The long bezzle

Verizon can remain irrational longer than you can remain solvent.

Cory Doctorow
6 min readAug 10, 2023

Going to Defcon this weekend? I’m giving a keynote, “An Audacious Plan to Halt the Internet’s Enshittification and Throw it Into Reverse,” on Saturday at 12:30pm, followed by a book signing at the No Starch Press booth at 2:30pm!

https://info.defcon.org/event/?id=50826

When it comes to the modern world of enshittified, terrible businesses, no addition to your vocabulary is more essential than “bezzle,” JK Galbraith’s term for “the magic interval when a confidence trickster knows he has the money he has appropriated but the victim does not yet understand that he has lost it”

https://pluralistic.net/2023/08/09/accounting-gimmicks/#unter

The bezzle is contained by two forces.

  • First, Stein’s Law: “Anything that can’t go on forever will eventually stop.”
  • Second, Keynes’s: “Markets can remain irrational longer than you can remain solvent.”

On the one hand, extremely badly run businesses that strip all the value out of the firm, making things progressively worse for its suppliers, workers and customers will eventually fail (Stein’s Law).

On the other hand, as the private equity sector has repeatedly demonstrated, there are all kinds of accounting tricks, subsidies and frauds that can animate a decaying, zombie firm long after its best-before date (Keynes’s irrational markets):

https://pluralistic.net/2023/06/02/plunderers/#farben

One company that has done an admirable job of balancing on a knife edge between Stein and Keynes is Verizon, a monopoly telecoms firm that has proven that a business can remain large, its products relied upon by millions, its stock actively traded and its market cap buoyant, despite manifest, repeated incompetence and waste on an unimaginable scale.

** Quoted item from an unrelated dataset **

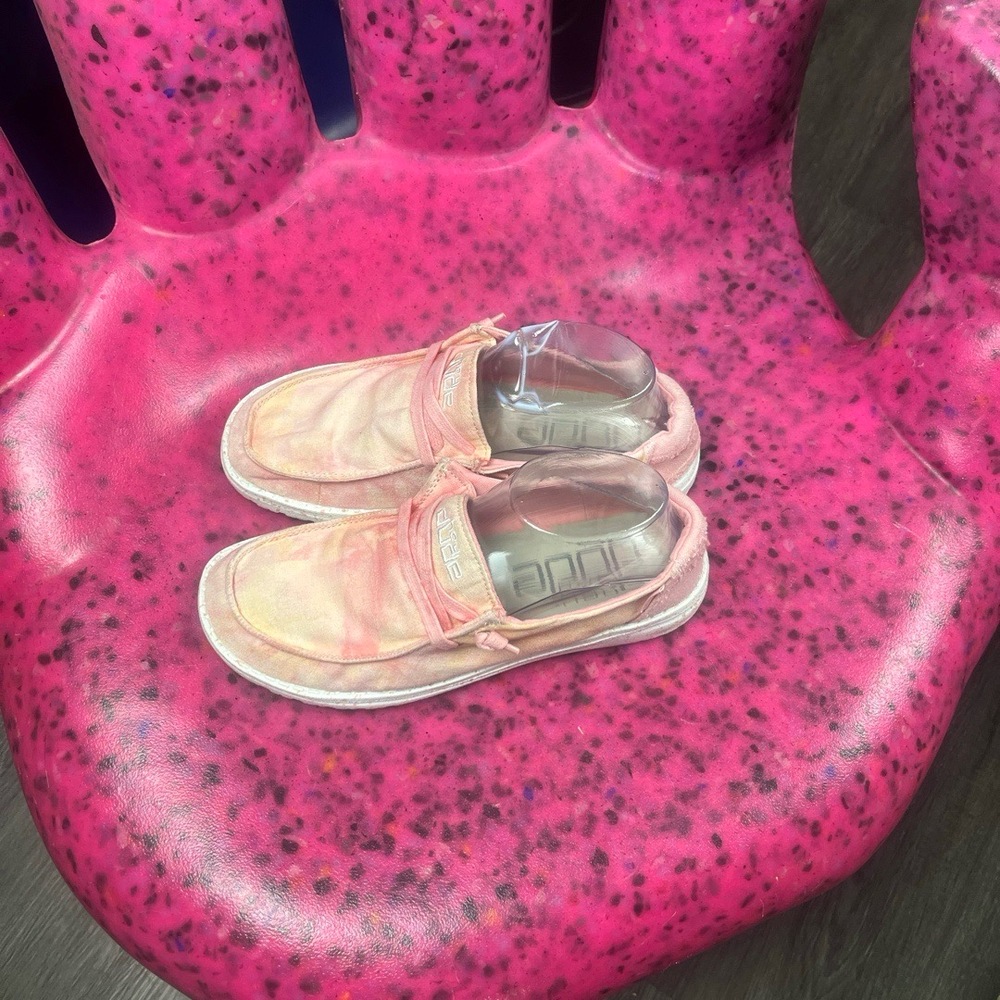 HEY DUDE Wendy Lemon Ombre Shoes US 7 Pink Yellow Tie-Dye Lightweight Bohemian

This week, Verizon shut down Bluejeans, an also-ran videoconferencing service the company bought for $400 million in 2020 as a panic-buy to keep up with Zoom. As they lit that $400 mil on fire, Verizon praised its own vision, calling Bluejeans “an award-winning product that connects our customers around the world, but we have made this decision due to the changing market landscape”:

https://9to5google.com/2023/08/08/verizon-bluejeans-shutting-down/

Writing for Techdirt, Karl Bode runs down a partial list of all the unbelievably terrible business decisions Verizon has made without losing investor confidence or going under, in a kind of tribute to Keynes’s maxim:

https://www.techdirt.com/2023/08/10/verizon-fails-again-shutters-attempted-zoom-alternative-bluejeans-after-paying-400-million-for-it/

Remember Go90, the “dud” streaming service launched in 2015 and shuttered in 2018? You probably don’t, and neither (apparently) do Verizon’s shareholders, who lost $1.2 billion on this folly:

https://www.techdirt.com/2018/07/02/verizons-sad-attempt-to-woo-millennials-falls-flat-face/

Then there was Verizon’s bid to rescue Redbox with a new joint-venture streaming service, Redbox Instant, launched 2012, killed in 2014, $450,000,000 later:

https://variety.com/2014/digital/news/verizon-redbox-to-pull-plug-on-video-streaming-service-1201321484/

Then there was Sugarstring, a tech “news” website where journalists were prohibited from saying nice things about Net Neutrality or surveillance — born 2014, died 2014:

https://www.theverge.com/2014/12/2/7324063/verizon-kills-off-sugarstring

An app store, started in 2010, killed in 2012:

https://www.theverge.com/2012/11/5/3605618/verizon-apps-store-closing-january-2013

Vcast, 2005–2012, yet another failed streaming service (pray that someday you find someone who loves you as much as Verizon’s C-suite loves doomed streaming services):

https://venturebeat.com/media/verizon-vcast-shutting-down/

And the granddaddy of them all, Oath, Verizon’s 2017, $4.8 billion acquisition of Yahoo/AOL, whose name refers to the fact that the company’s mismanagement provoked involuntary, protracted swearing from all who witnessed the $4.6 billion write-down the company took a year later:

https://www.techdirt.com/2018/12/12/if-youre-surprised-verizons-aol-yahoo-face-plant-you-dont-know-verizon/

Verizon isn’t just bad at being a phone company that does non-phone-company things — it’s incredibly bad at being a phone company, too. As Bode points out, Verizon’s only real competency is in capturing its regulators at the FCC:

https://www.techdirt.com/2017/05/02/new-verizon-video-blatantly-lies-about-whats-happening-to-net-neutrality/

And sucking up massive public subsidies from rubes in the state houses of New York:

https://www.techdirt.com/2017/03/14/new-york-city-sues-verizon-fiber-optic-bait-switch/

New Jersey:

https://www.techdirt.com/2014/04/25/verizon-knows-youre-sucker-takes-taxpayer-subsidies-broadband-doesnt-deliver-lobbies-to-drop-requirements/

and Pennsylvania:

https://www.techdirt.com/2017/06/15/verizon-gets-wrist-slap-years-neglecting-broadband-networks-new-jersey-pennsylvania/

Despite all this, and vast unfunded liabilities — like remediating the population-destroying lead in their cables — they remain solvent:

https://www.reuters.com/legal/government/verizon-sued-by-investors-over-lead-cables-environmental-statements-2023-08-02/

Verizon has remained irrational longer than any short seller could remain solvent.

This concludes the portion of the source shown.